More than two-thirds of the offshore oil and natural gas leases in the Gulf of Mexico (GOM) and more than half of the onshore leases on federal lands remain idle, according to a report requested by President Obama and released Tuesday by the Interior Department.

The report shows that about 70% of the undiscovered technically recoverable resources currently under lease in all areas of the federal GOM are not producing or not subject to approved or pending exploration/development plans. Earlier this month Obama ordered Interior to report back to him (see Daily GPI, March 15) on “how many of these leases are going undeveloped…so that we can encourage companies to develop the leases they hold and produce American energy.”

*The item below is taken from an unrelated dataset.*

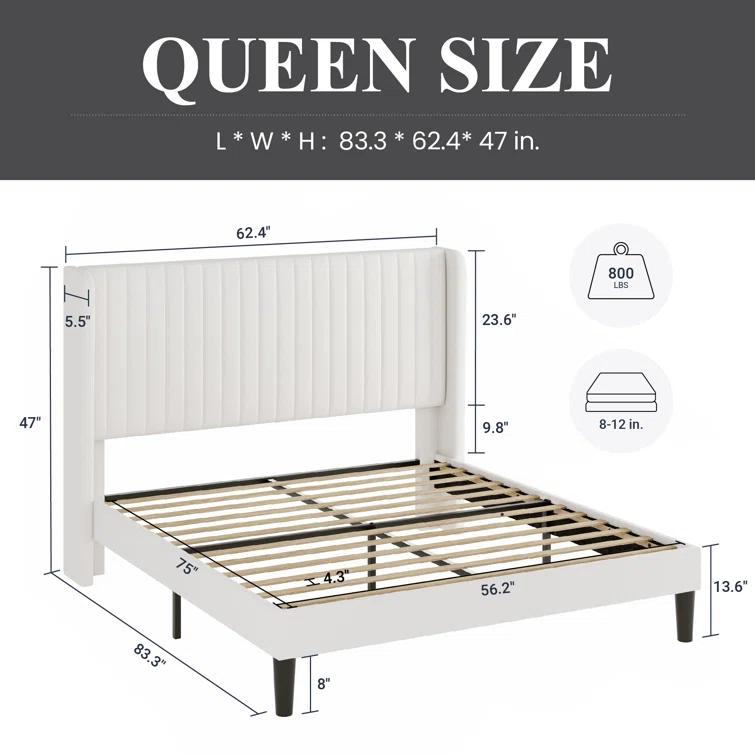 Candler Velvet Upholstered Platform Bed with Wingback Headboard and Wooden Slats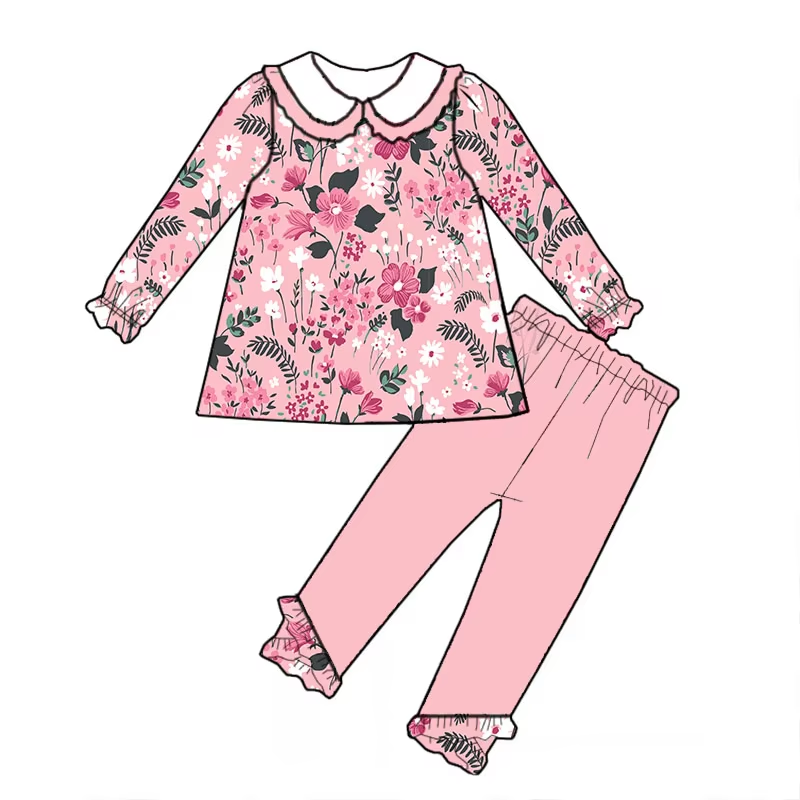 Custom moq 3 eta 6-8weeks  Pink floral and leaf long-sleeved suit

Of the 34 million acres under lease in the GOM as of March 1, Interior estimates that 23.8 million acres have inactive leases, which potentially could hold more than 11.6 b/d and 59.2 Tcf of natural gas. It said only 6.3 million acres in the Gulf are producing.

In most of the offshore areas — GOM, Pacific, Alaska — an estimated 37.9 million acres are under lease, of which 27.5 million are considered inactive, according to Interior.

For onshore leases, the review found that approximately 45% of all leases on federal land and about 57% of all leased acres were inactive as of March 14. That means that out of a total of more than 38 million leased onshore acres, almost 22 million leased onshore acres on public lands are nonproducing, according to Interior.

It estimated that 27,640 oil and gas leases are producing on public lands, while 22,663 leases are not.

The department said it is evaluating policy options to provide companies with additional incentives for the more rapid development of oil and gas production from existing and future leases.

“It is ridiculous for anyone to imply that these companies [producers] would be willing to spend billions of dollars to acquire leases and then simply sit on them while their competitors around the world are busy producing oil and natural gas,” said Erik Milito, director of the American Petroleum Institute’s (API) upstream and industry operations, last Thursday. “We have heard these tired charges before and we have refuted them with the facts.”

In general, from purchase of an offshore lease to first production can take anywhere from seven to 10 years in areas that have existing infrastructure, he said. With respect to onshore leases, the entire process — from acquisition of a lease to production — “can take as little as a few years; and in some cases as much as almost 10 years,” API said.